§ Exercise aim
Below are entries. Reproduce exactly the lines between the line holding "Loja para Arrendamento em Oiã Foto 3" and the line holding "2026 Mustang Mach-E GT California Special_08", inclusive, and only those.

§ Information shown
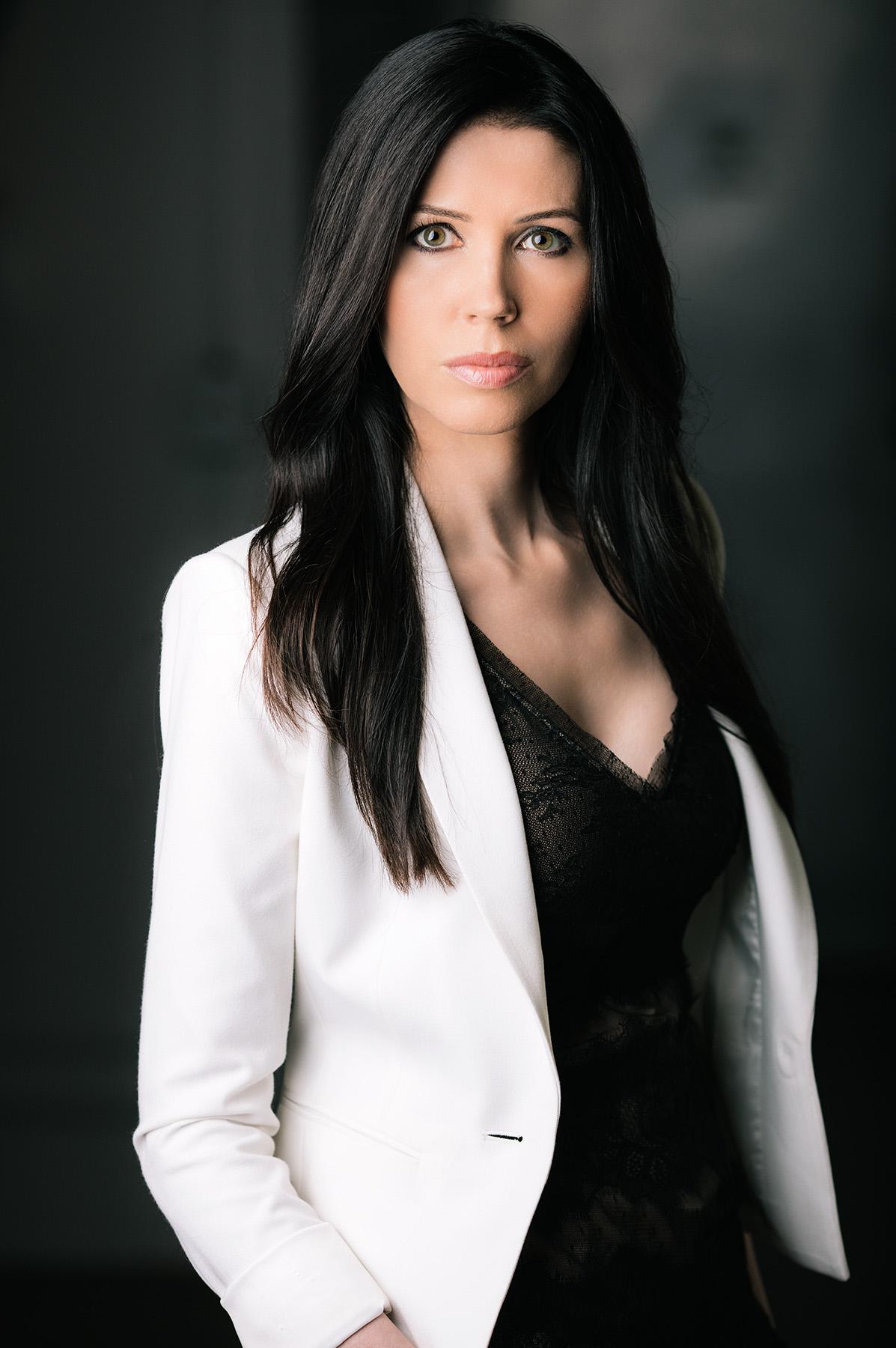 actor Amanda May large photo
* * *
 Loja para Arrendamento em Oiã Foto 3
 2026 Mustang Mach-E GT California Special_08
---
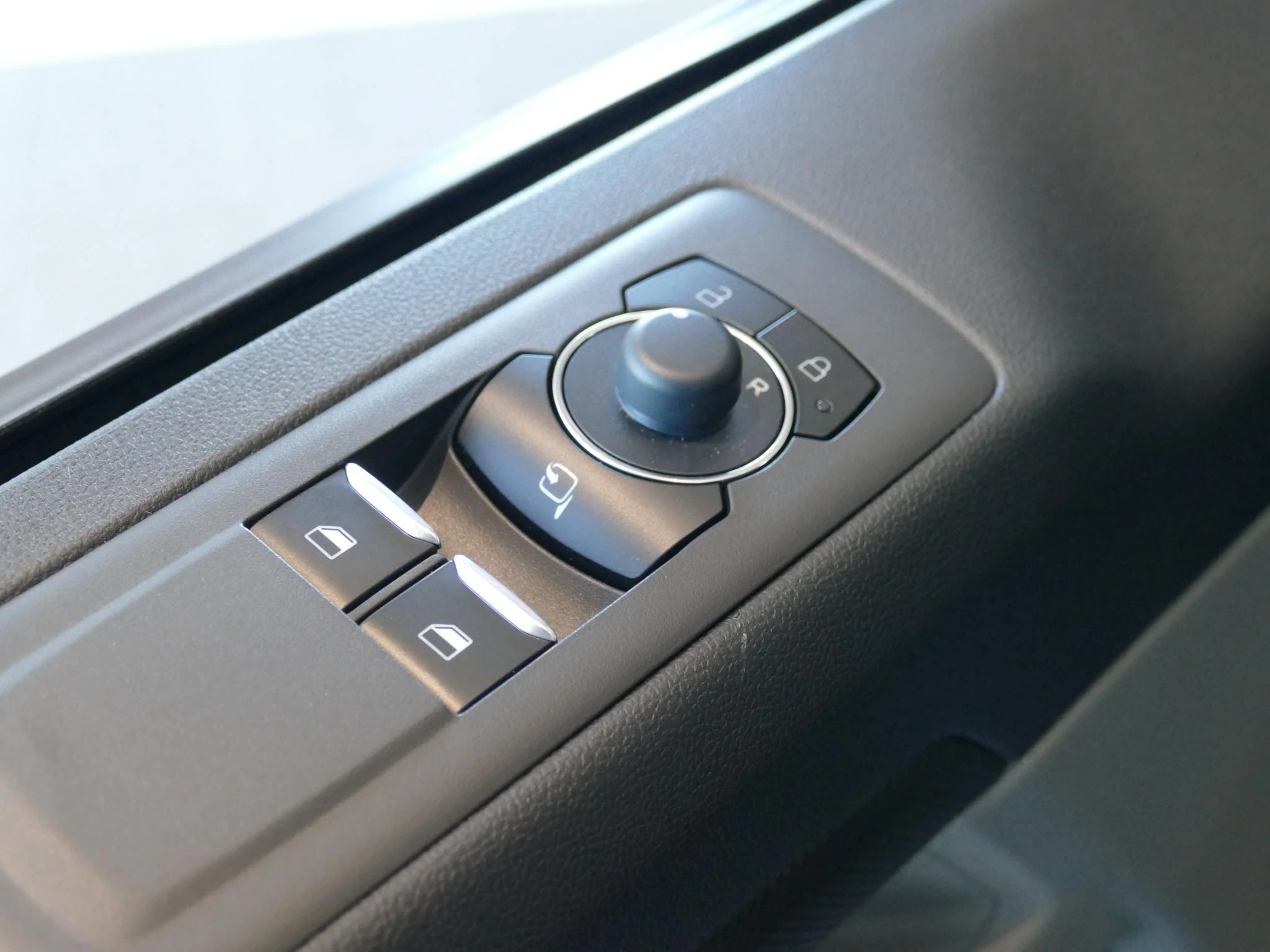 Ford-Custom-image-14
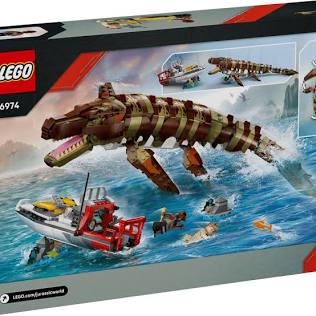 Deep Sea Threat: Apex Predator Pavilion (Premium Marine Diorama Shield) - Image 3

§ Written answer
 Loja para Arrendamento em Oiã Foto 3
 2026 Mustang Mach-E GT California Special_08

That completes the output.